And then there’s photos….

And then there's photos. If I tried to figure out what actually spurred me to make a change in my weight, four things probably come up:

  • Breaking up with Kevin: It made me feel oddly 'single', in a way I hadn't been in over a decade. Like I might be on 'the market' again. I still feel kind of weird about this reason -- there's that old sense of, "why would I want someone who only loves me when I'm thin?" But on the other hand, there's getting people's attention in the first place...once they love you, love you properly, that's when it really shouldn't matter.

  • Starting to think about going on the academic job market: I'd drifted into most jobs I'd had before -- they weren't jobs I'd gone in caring about. Whereas I can imagine, next year December, interviewing for jobs I really want (like maybe a tenure-track professorship at UIC, Kevin's school, which actually does offer a Ph.D. in Creative Writing, the kind of program I'd love to teach at eventually). Would looking beautiful give me an extra edge? Probably, human nature being what it is.
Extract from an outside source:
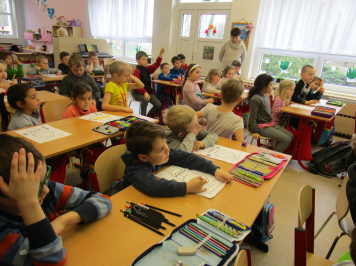img-0035.JPG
  • Realizing that size 14 fit better than size 12: This one was particularly scary because going up one more size would have meant switching to shopping in the "Women's" section, which is an euphemism for the fat women's section. Lane Bryant instead of Express. It felt like a major shift. These days, I'm pleased that size 10 often fits, with the occasional 12. 14's hang on me. Still aiming for 8, though.

  • And finally, not seeing a single photo of me that I thought looked good in several years.
Zak wrote:

"I'll verify that you looked better the last time I saw you than when I saw you that time up in LA with Lisette. Not night/day better, but you definitely look more like you. If that makes any sense. The pictures of you from your college days look more fundamentally like you to me, somehow. Even though I didn't know you then, they're just a clearer expression of who you seem to be."

In college, most pictures of me looked fine. Good, even. As the years went on, fewer and fewer did. Last year, it seemed like a friend could take a hundred photos of me and not get a single attractive one. That was very bad. I could still look in a mirror and think I looked fine -- but it seemed I must be doing some mental editing then, if the camera photos didn't come out that way. It drove me bonkers. When Jason and I went to the cemetery last week, I took about seventy-five pictures of him, of which twenty-five or so came out well. He took about ten photos of me, of which one came out well. I can live with that ratio, though obviously a third is nicer than a tenth.

When I look at the photos from last year (which I mostly don't), I feel like the me I imagine myself to be was being buried in that extra flesh. Gross. It's such a tricky thing, though, because I've read stories from anorexic and bulimic girls who say exactly the same thing, even though they're stick-thin. It's remarkable how difficult it is to have a sane perspective on all this.